EXERCISE INPUT:
____
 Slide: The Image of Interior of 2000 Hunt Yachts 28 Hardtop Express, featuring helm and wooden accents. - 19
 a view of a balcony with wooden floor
____
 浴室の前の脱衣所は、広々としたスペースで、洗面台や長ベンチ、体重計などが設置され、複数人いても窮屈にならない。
____
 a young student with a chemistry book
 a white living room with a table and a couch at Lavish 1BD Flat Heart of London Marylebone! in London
____
ASSIGNMENT: The lines to return are those with the string "wooden" in them; copy each from the entries above.

ANSWER TO THE EXERCISE:
 Slide: The Image of Interior of 2000 Hunt Yachts 28 Hardtop Express, featuring helm and wooden accents. - 19
 a view of a balcony with wooden floor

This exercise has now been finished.